= Device paradigm =

In the philosophy of technology, the device paradigm is the way "technological devices" are perceived and consumed in modern society, according to Albert Borgmann. It explains the intimate relationship between people, things and technological devices, defining most economic relations and also shapes social and moral relations in general.

The concept of the device paradigm is a critical response to Heidegger's notion of Gestell. It has been widely endorsed by philosophers of technology, including Hubert Dreyfus, Andrew Feenberg, and Eric Higgs, as well as environmental philosopher David Strong.

== Devices ==

For Borgmann, a device is a thing that is used as a means to an end. Therefore, a device is seen as "the compound of commodity and machinery" while "the distinctive pattern of division and connection of its components is the device paradigm." This term is meant to signify or distinguish between technological devices and "focal things and practices," which matter to people in their everyday affairs.

A focal thing is something of ultimate concern and significance, which may be masked by the device paradigm, and must be preserved by its intimate connection with practice. Borgmann used the case of wine to explain this. He cited that the focal thing in winemaking involves the implements used to produce wine. Wine becomes a device when it employs technology and machinery not merely to produce wine but obtain specific qualities such as grapey, smooth, light, and fruity flavors or clean and clear appearance.

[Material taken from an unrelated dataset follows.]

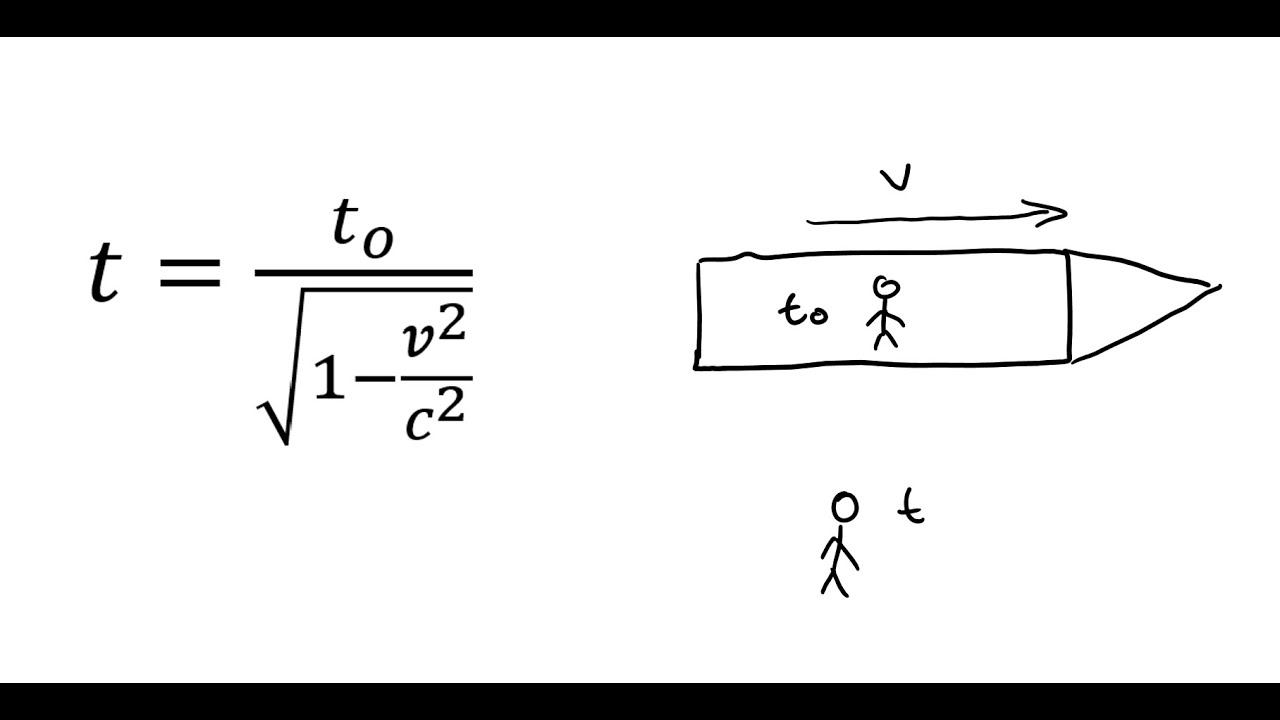 Physics: Time dilation questions (special relativity)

As technological devices increase the availability of a commodity or service, they also push these devices into the background where people do not pay attention to their destructive tendencies. For example, the technology of central heating means that warmth is readily available and family members can retreat into the solitude of their rooms instead of working to chop wood or stoke the fires. Social interaction is reduced and the family struggles to find activities that enable such nurturing and care for each other. The ubiquitous nature of information technology also makes it an important example of device paradigm.